Print nothing beyond the line with "Quando você percebe": every line from the beginning of the data up to it, that line included, and no pictures.

-------------------------

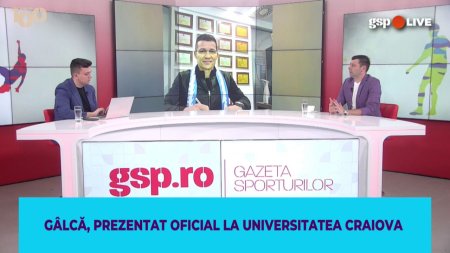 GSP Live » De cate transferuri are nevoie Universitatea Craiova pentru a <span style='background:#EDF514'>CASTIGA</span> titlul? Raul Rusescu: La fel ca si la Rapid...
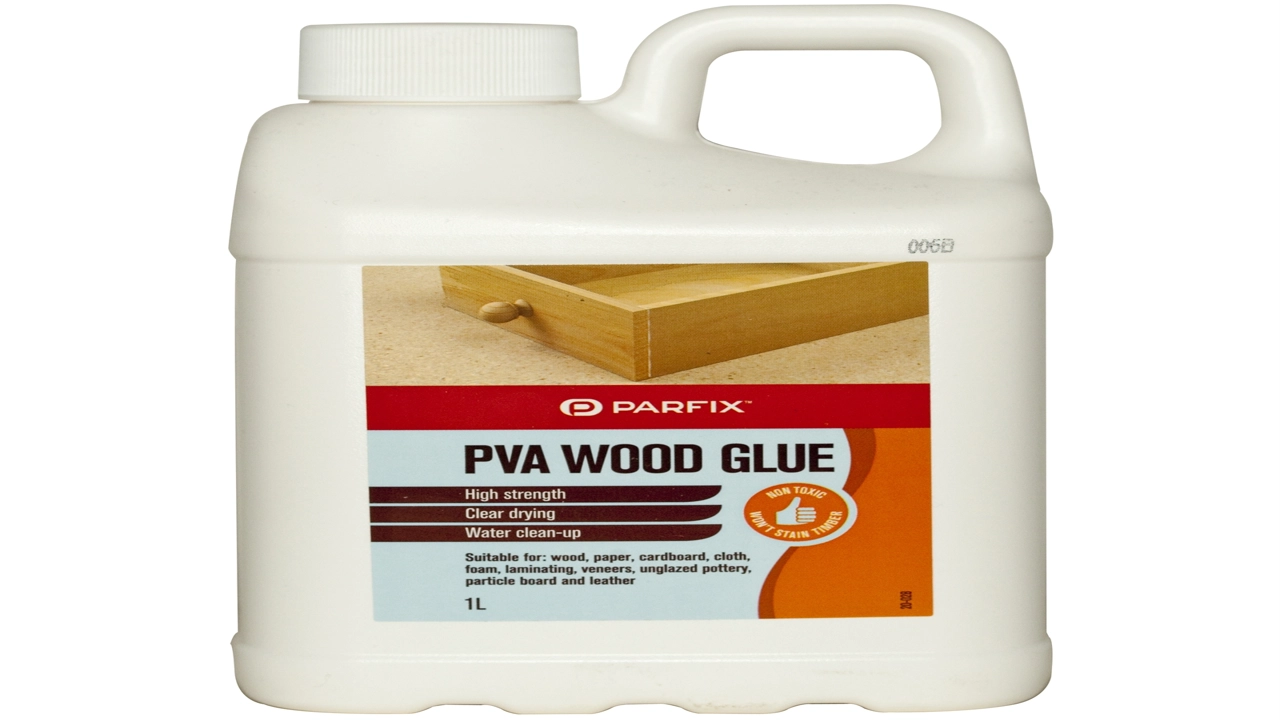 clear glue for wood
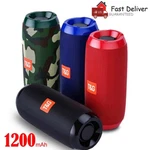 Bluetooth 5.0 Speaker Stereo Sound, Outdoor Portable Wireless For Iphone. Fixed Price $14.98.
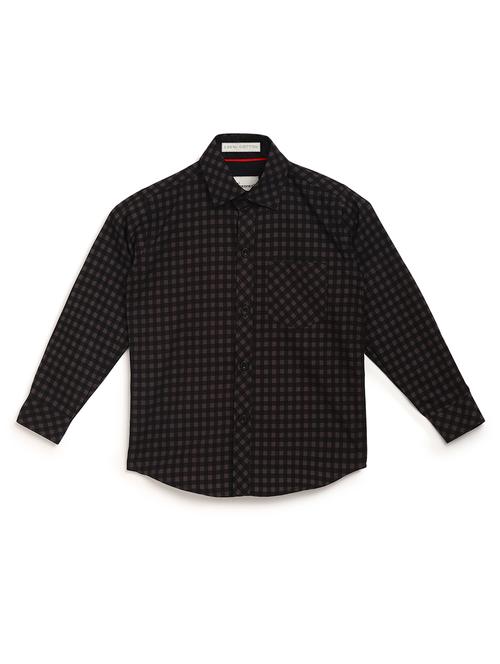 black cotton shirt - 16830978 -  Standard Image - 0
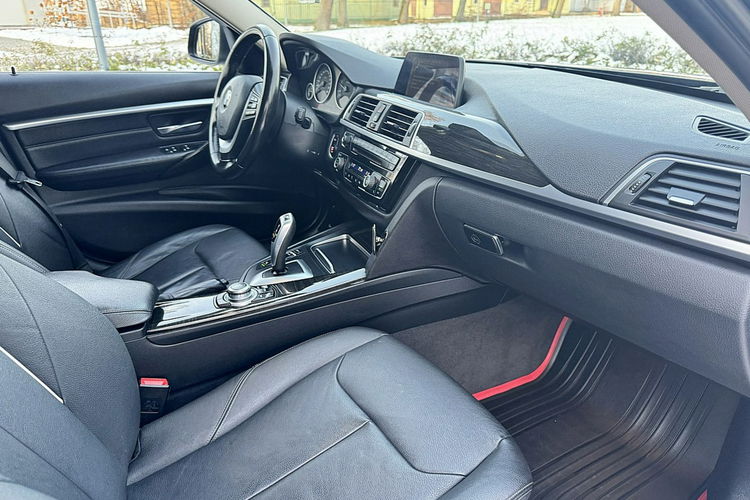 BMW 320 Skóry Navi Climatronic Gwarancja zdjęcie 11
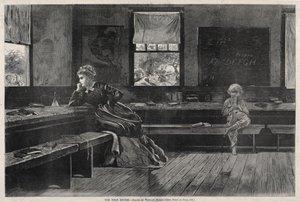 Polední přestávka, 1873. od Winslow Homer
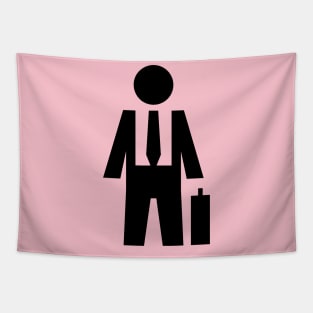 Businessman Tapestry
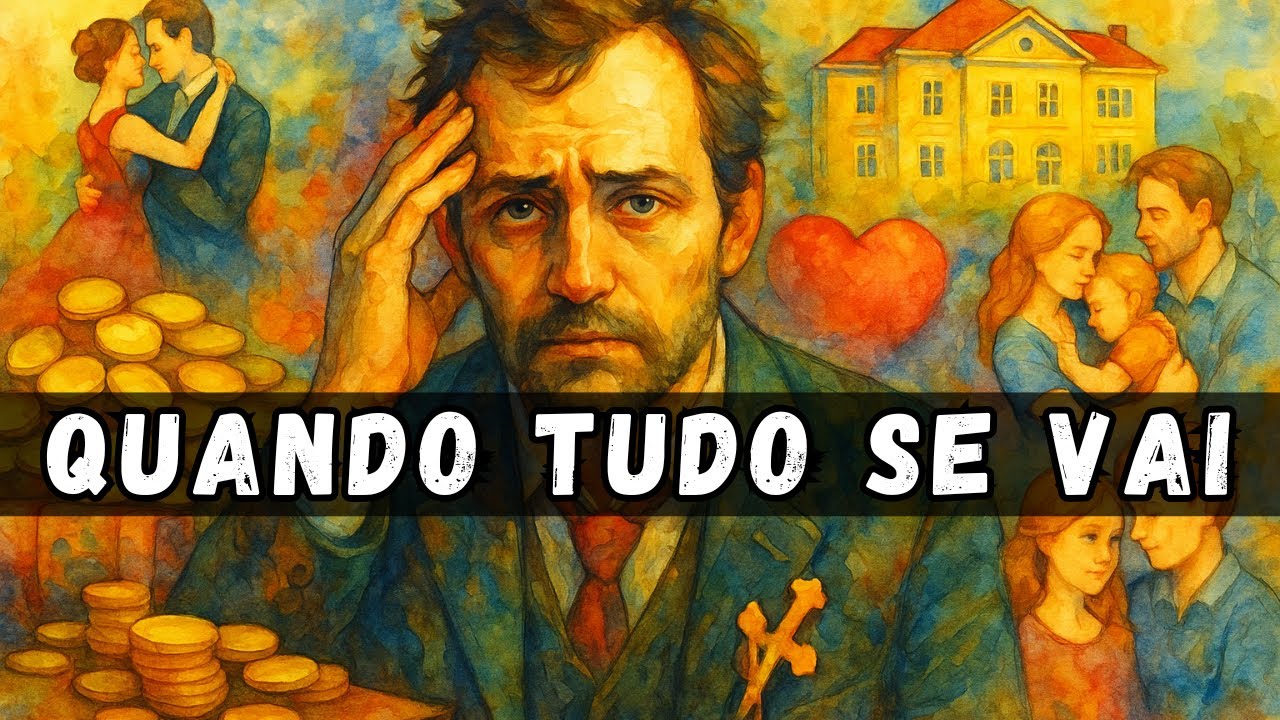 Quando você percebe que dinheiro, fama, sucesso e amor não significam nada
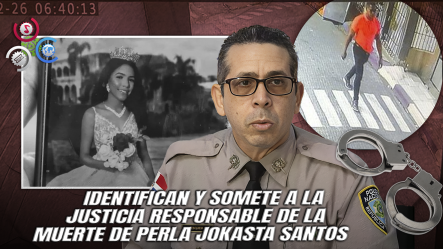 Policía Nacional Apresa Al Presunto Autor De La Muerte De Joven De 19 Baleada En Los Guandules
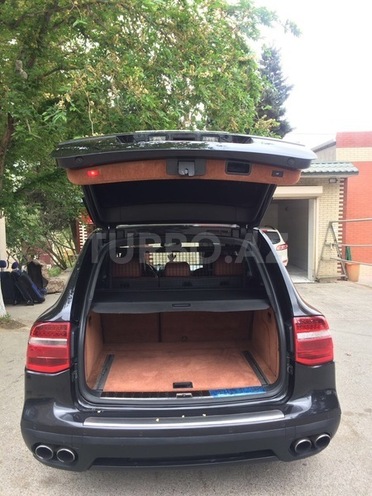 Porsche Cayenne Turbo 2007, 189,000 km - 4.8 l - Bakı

-------------------------

Output for this task –
 GSP Live » De cate transferuri are nevoie Universitatea Craiova pentru a <span style='background:#EDF514'>CASTIGA</span> titlul? Raul Rusescu: La fel ca si la Rapid...
 clear glue for wood
 Bluetooth 5.0 Speaker Stereo Sound, Outdoor Portable Wireless For Iphone. Fixed Price $14.98.
 black cotton shirt - 16830978 -  Standard Image - 0
 BMW 320 Skóry Navi Climatronic Gwarancja zdjęcie 11
 Polední přestávka, 1873. od Winslow Homer
 Businessman Tapestry
 Quando você percebe que dinheiro, fama, sucesso e amor não significam nada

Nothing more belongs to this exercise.